Foursight Checks

Checks are the fundamental unit of work done in Foursight. They contain the entirety of code needed to make some observation or do some work and then take care of setting the result fields and storing the result. As mentioned in the getting started documentation, checks are written in files called check modules and organized in the check setup. This document contains information on writing checks, as well as best practices for running them.

It is assumed that you’ve already read the getting started documentation. If not, head over and check that out before continuing. If you are interested in tips on the check development process, go here.

Quick reference for important check requirements

  • Checks must always start with the @check_function() decorator.
  • Checks should always initialize their check results using the constructor, with the first argument as the FS connection and the second argument as the exact string name of the check.
  • There should NOT be two checks with the same name.

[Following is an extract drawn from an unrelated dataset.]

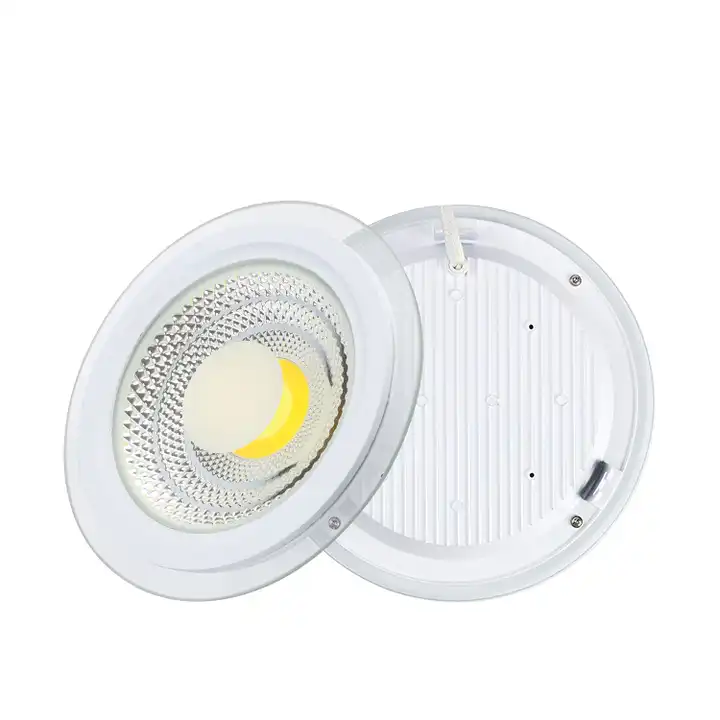 Led Recessed Downlight Led Panel Round Pot Light 960Lm Led Recessed Low Profile Slim Panel Light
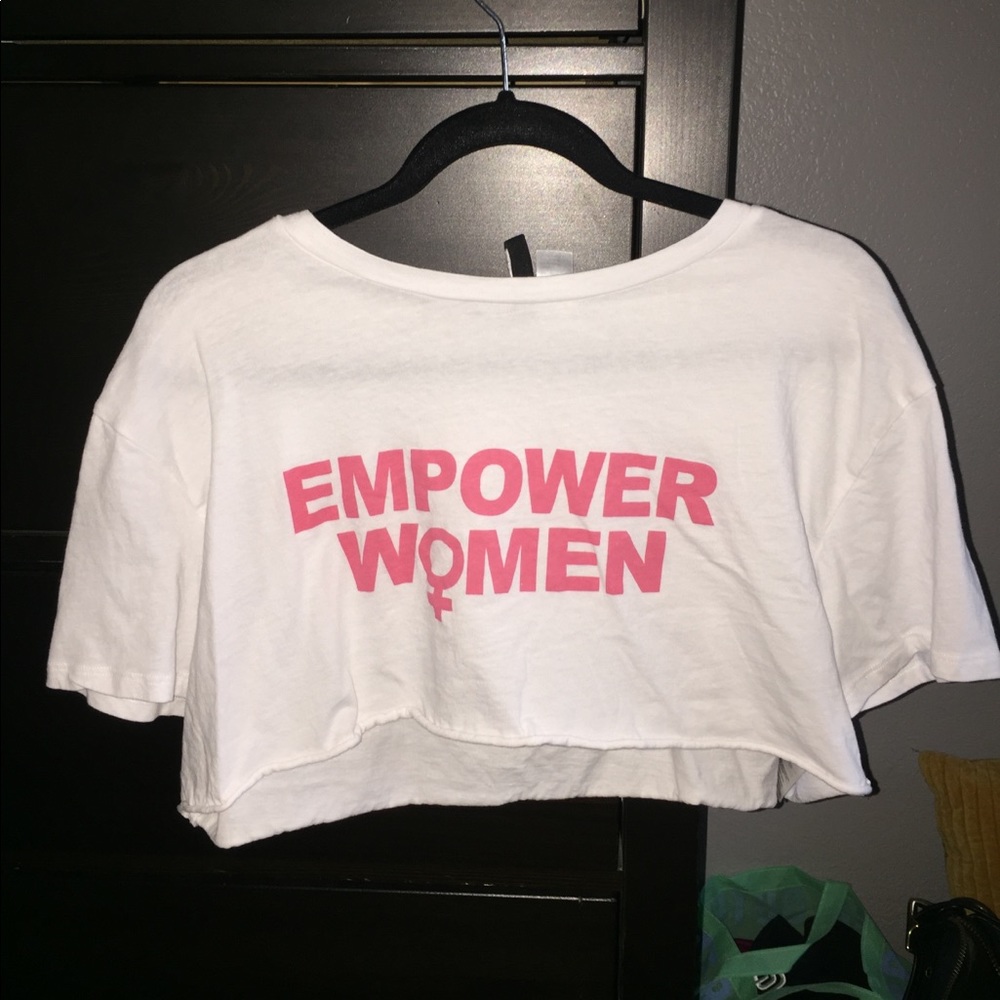 Empower women crop top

The tests will fail if this happens.
  • Attributes of the check result, such as status, are simply set like: check.status = 'PASS'.
  • Checks should always end by returning the value of the check result: return check.
  • Checks have variable parameters through key word arguments (kwargs), two of which are most important: uuid and primary.
  • Due to lambda runtime limitations, checks will timeout and exit after running for a time set by the CHECK_TIMEOUT variable in chalicelib/utils.py. You must keep your check runtimes under this limit.

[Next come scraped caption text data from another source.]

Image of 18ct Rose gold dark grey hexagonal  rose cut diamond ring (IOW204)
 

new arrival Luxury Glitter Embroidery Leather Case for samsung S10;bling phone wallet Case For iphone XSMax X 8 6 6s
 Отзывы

Attributes you can set on a check result

The check result has a number of important attributes that determine what is stored as output of your check. Below is a list of different fields you can set on your check result within the body of your check. As always, the check function should return the check result object. Any of the following attributes can be set like this:

check = CheckResult(connection, 'my_check_name')
check.status = 'PASS'
check.summary = 'Test summary'
check.<other_attr> = <value>
...
return check

Here is a list of attributes that you will routinely use, with brief descriptions:

  • status: string value. Must be one of: ‘PASS’, ‘WARN’, ‘FAIL’, ‘ERROR’, or ‘IGNORE’, otherwise it will be set to ‘ERROR’ automatically. ‘IGNORE’ by default, which means the check result will not be displayed on the UI.
  • summary: string check summary that should be a short form of the description. If present, it will be displayed on the UI.
  • description: string description of what the check is doing or explaining the output. Will be displayed on the UI.
  • brief_output: Any value that will be displayed on the UI if set. The intended use of this attribute is as any output relevant to a check having a non-PASS status.
  • full_output: same as brief_output, but is intended to hold the entirety of the check data.
  • admin_output: same as brief_output, but is only visible to admins to view on the UI. Use for sensitive data.
  • ff_link: a link to (presumably) Fourfront that will be displayed in the UI if provided. Should be relevant to the check.
  • action: name of a Foursight action function that is linked to this check. See the action docs for more information.
  • allow_action: boolean value of whether or not the linked action can be run. Defaults to False. See the action docs for more information.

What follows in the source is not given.